MANAGEMENT SERVICES AGREEMENT
This Management Services Agreement ("Agreement") is entered into on
September 15, 1998, effective as of February 3, 1998, by and among Elgar
Holdings, Inc., a Delaware corporation ("Holdings"), Elgar Electronics
Corporation, a California corporation ("Elgar"), and X.X. Xxxxxx & Company,
Inc., a Delaware corporation ("JFL").
WHEREAS, Elgar is engaged in the business, INTER ALIA, of designing,
manufacturing, marketing, servicing and repairing power supply systems for both
commercial and military applications. Elgar conducts such business operations
worldwide, but is focused primarily in the United States.
WHEREAS, key personnel of JFL have substantial expertise that is useful to
Elgar.
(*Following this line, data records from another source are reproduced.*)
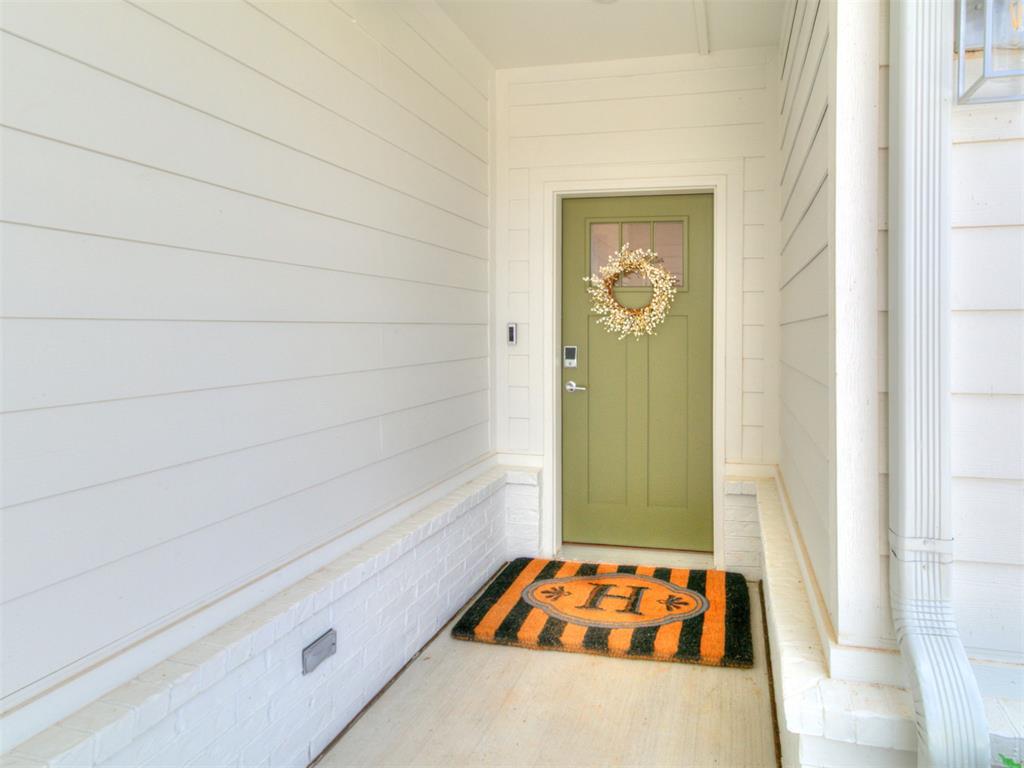 9052 Nw 144th Street Property Photo 6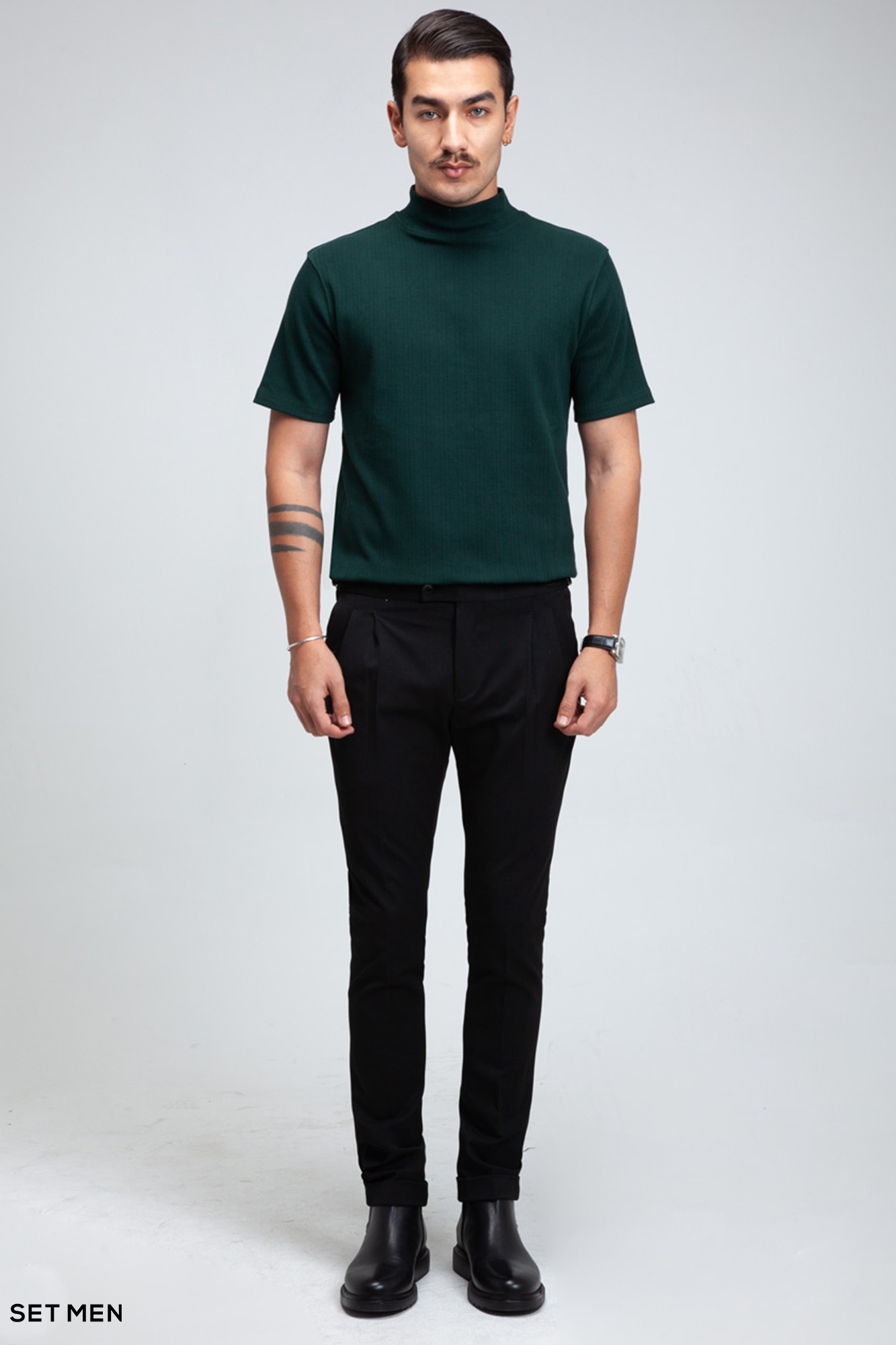 یقه اسکی آستین کوتاه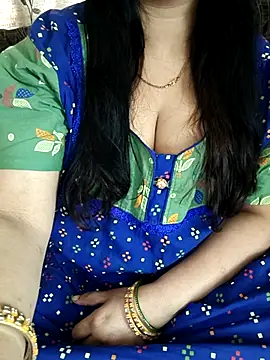 Snapshot of cuteyqueen chatting on February 2026 05:11:01 AM cuteyqueen online show from February 2026 05:11:01 AM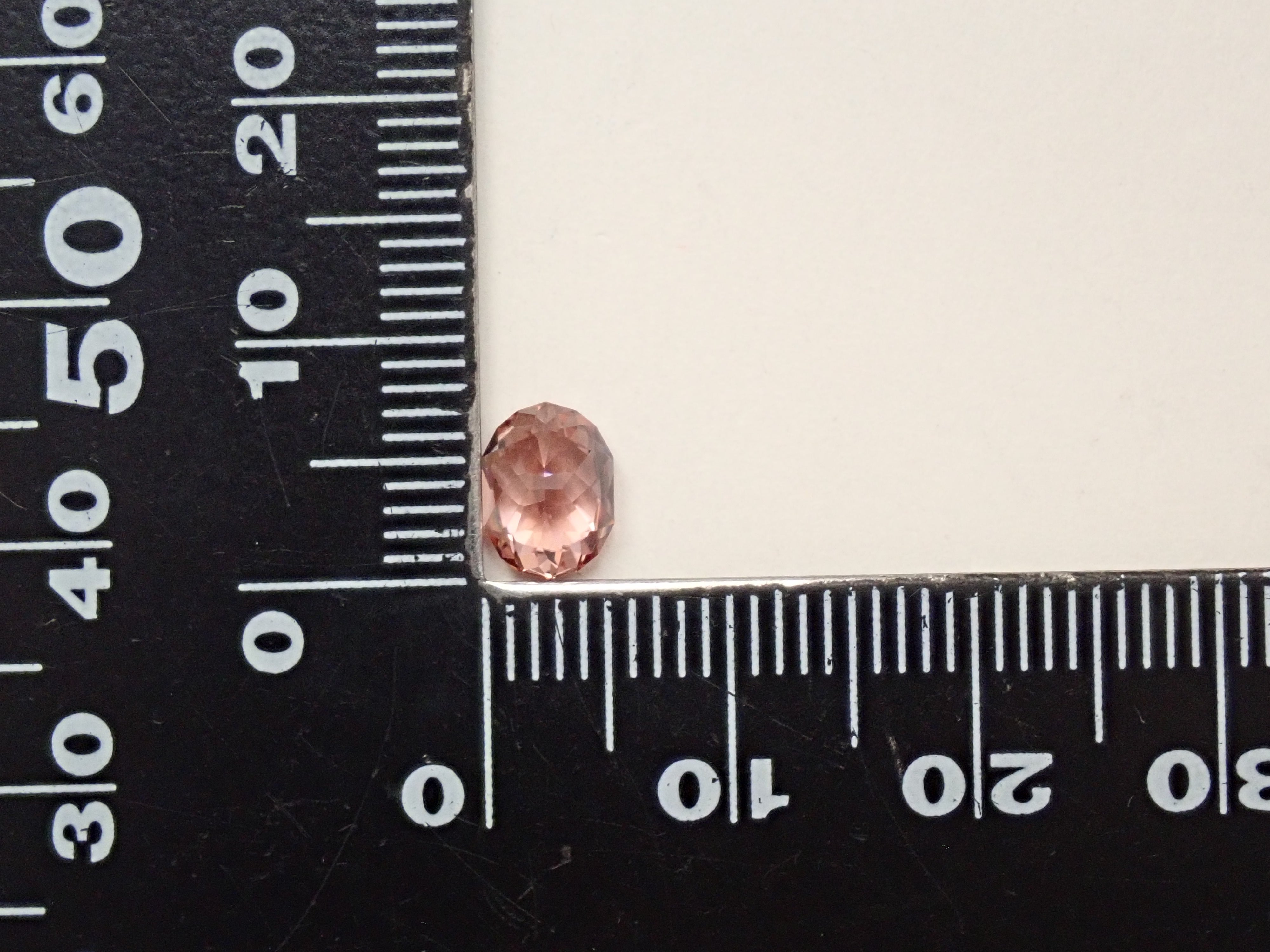 【2/26 22時販売】タンザニア産ピンクジルコン 1.736ctルース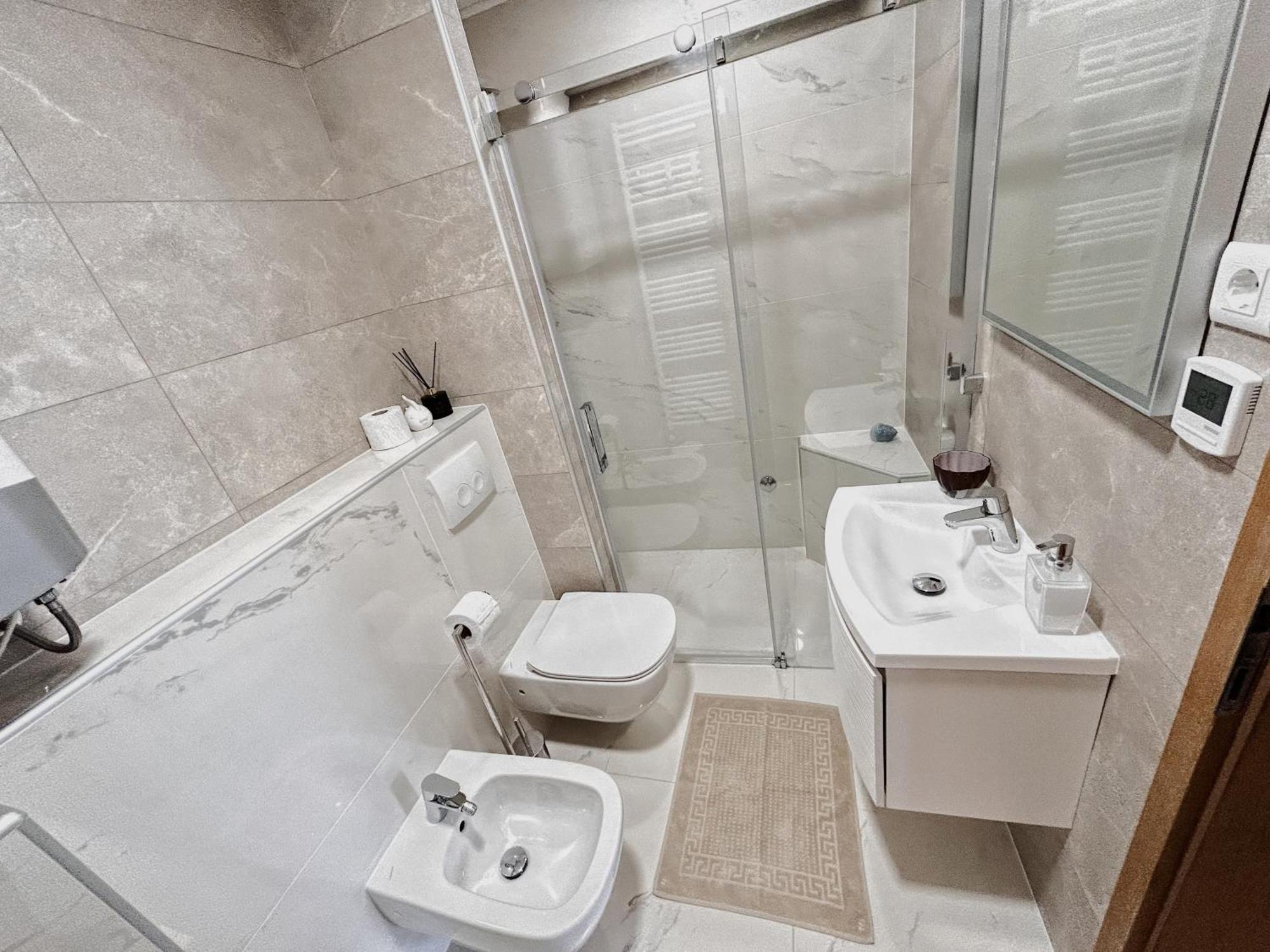 Sunny House Apartment ซัมบราทิยา ภายนอก รูปภาพ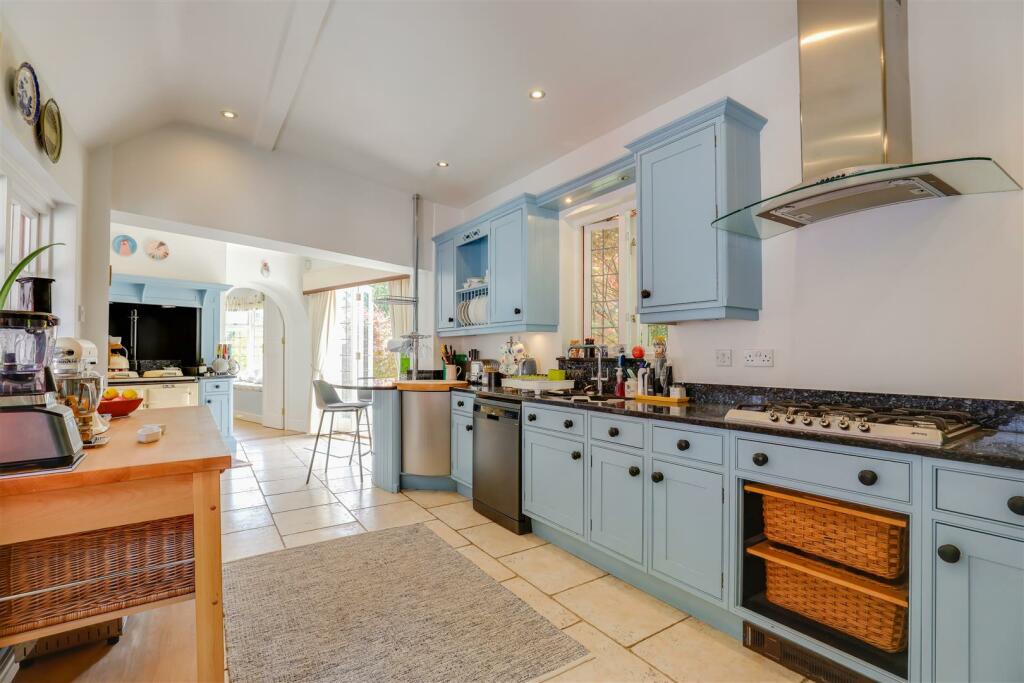 Additional property image - Trefnant, Dinas Powys, Vale Of Glamorgan, CF64 4HH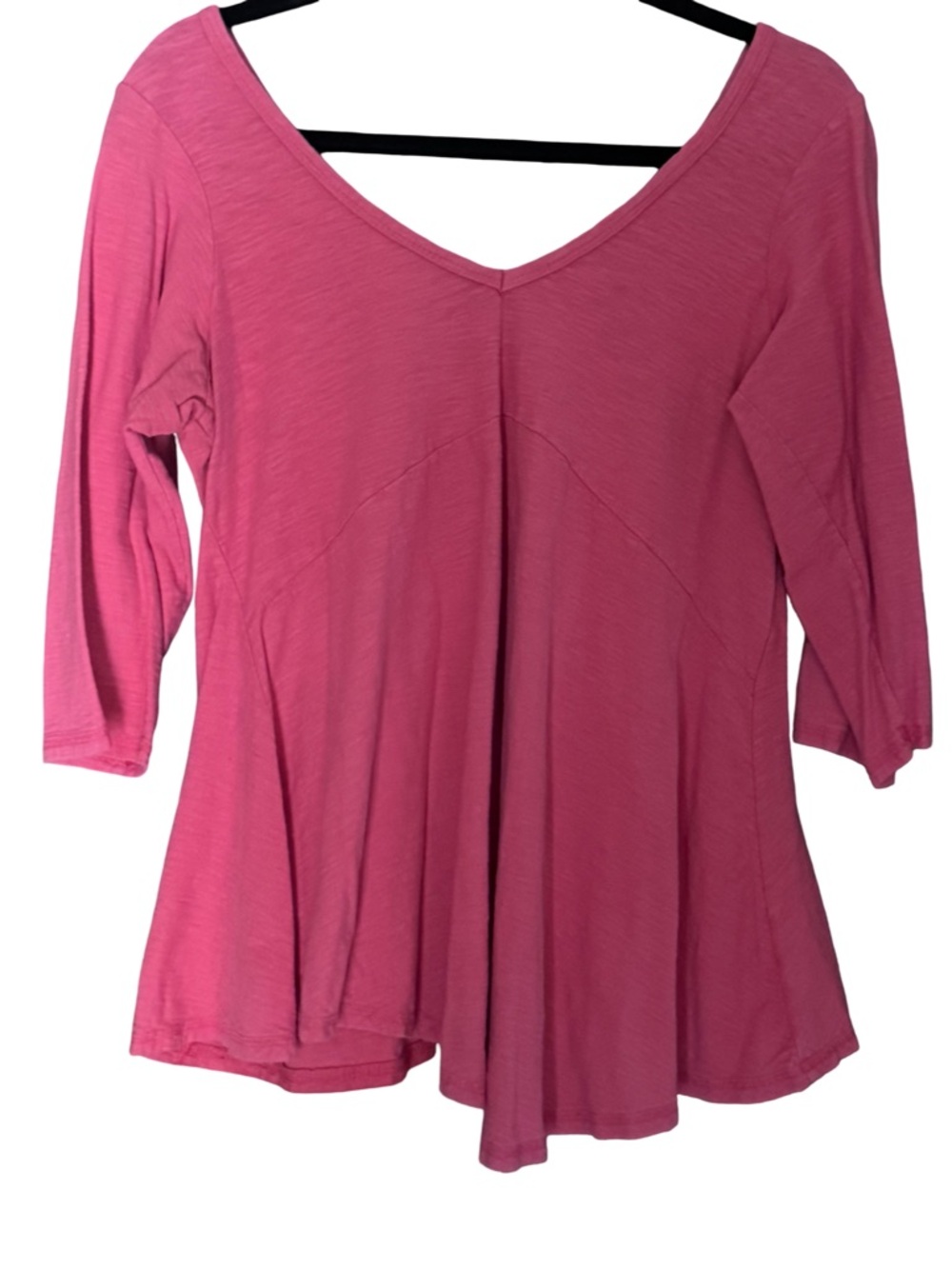 TEXTURED PERUVIAN COTTON V-NECK TEE / 3/4 SLEEVES/ XLG / PEACH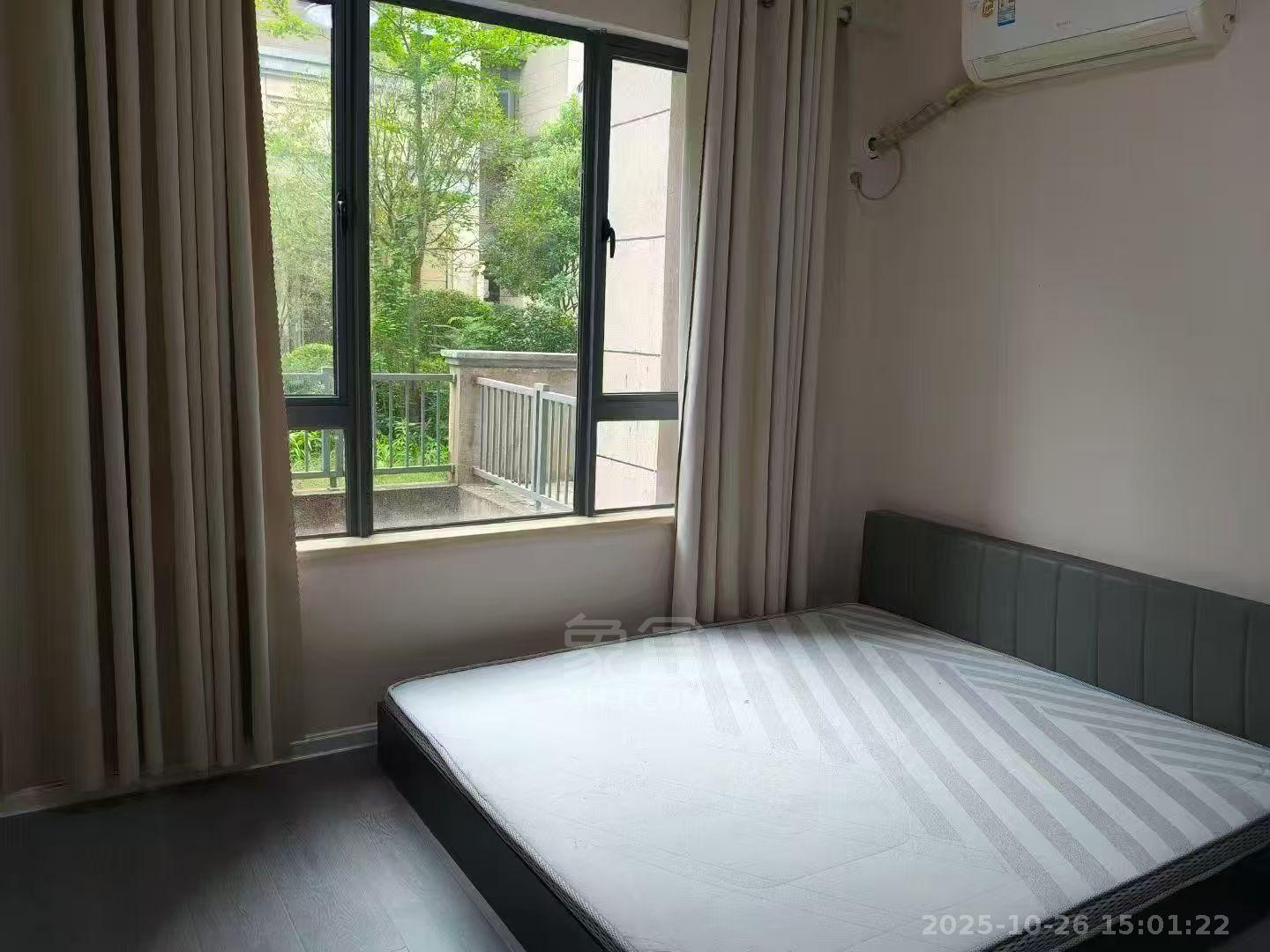 玫瑰御园 3室2厅2卫 2500.0元/月 玫瑰御园 3室2厅2卫 2500.0元/月室内图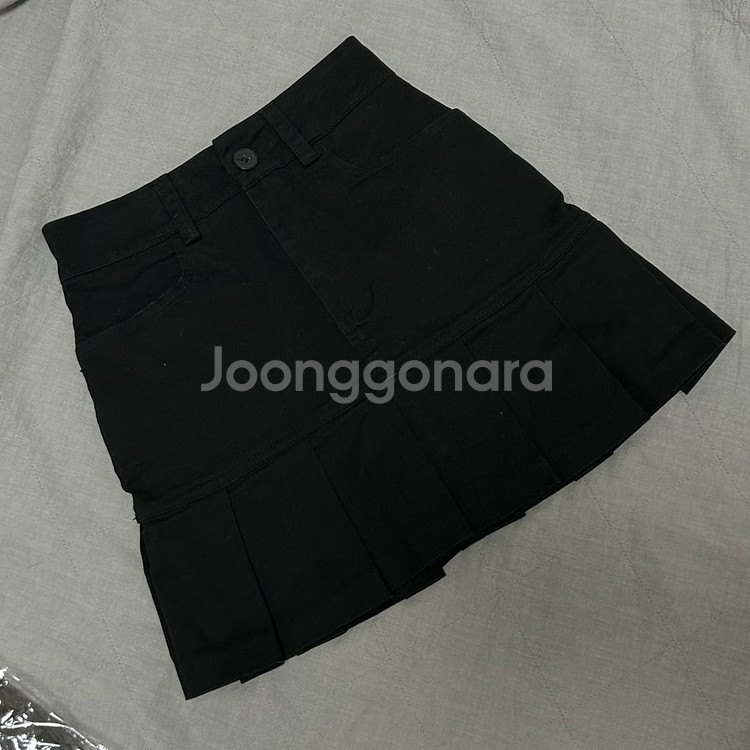 애니원모어 피코튼 플리츠 스커트 검정 블랙 치마--3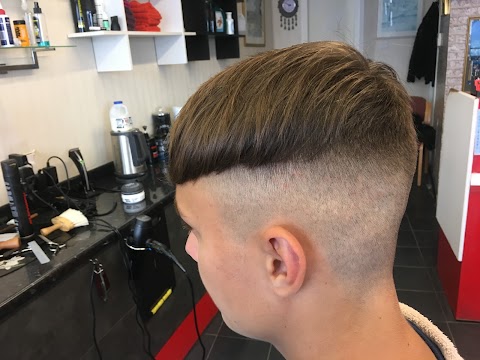 CROWN BARBER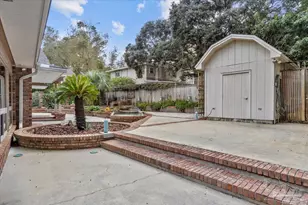 205 Silverthorn Dr, Gulf Breeze, FL 32561 - Photo 47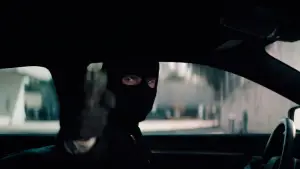 Backdrop to the movie "Crime 101" #513173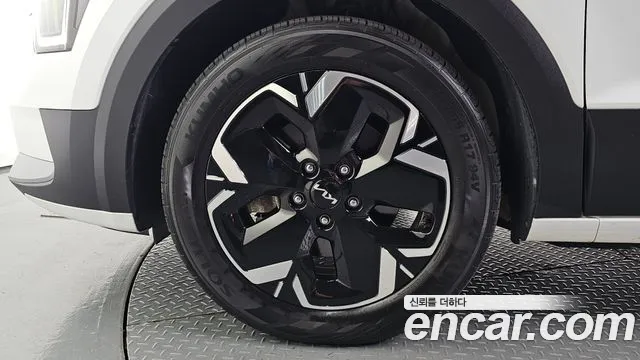 Kia Niro — Фото автомобиля 5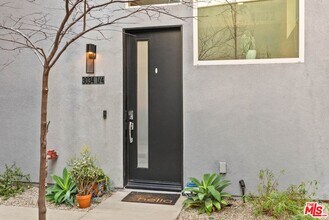 3034 1/4 N Coolidge Ave in Los Angeles, CA - Building Photo - Building Photo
Elgar desires to obtain management services from JFL, and JFL desires to
provide management services to Elgar, all on the terms and conditions of this
Agreement; and
WHEREAS, Holdings, Elgar and JFL entered into that certain Management
Agreement, dated as of February 3, 1998, which provides for, among other things,
the payment to JFL by Elgar of: (i) a fee for JFL's efforts in connection with
Holdings' recapitalization; (ii) an annual management services fee (which
portion of the Management Agreement is intended to by superseded by this
Agreement and an amendment to the Management Agreement); (iii) fees in
connection with certain future acquisition and financing transactions; and (iv)
JFL's out-of-pocket expenses for services performed;
WHEREAS, by entering into this Agreement and the amendment to the
Management Agreement of even date herewith (as amended, the "Management
Agreement"), Holdings, Elgar and JFL intend that (i) this Agreement shall set
forth the terms of the management services to be provided by JFL to Elgar on an
annual basis and the payment by Elgar to JFL therefor and (ii) the Management
Agreement shall continue in full force and effect as so amended.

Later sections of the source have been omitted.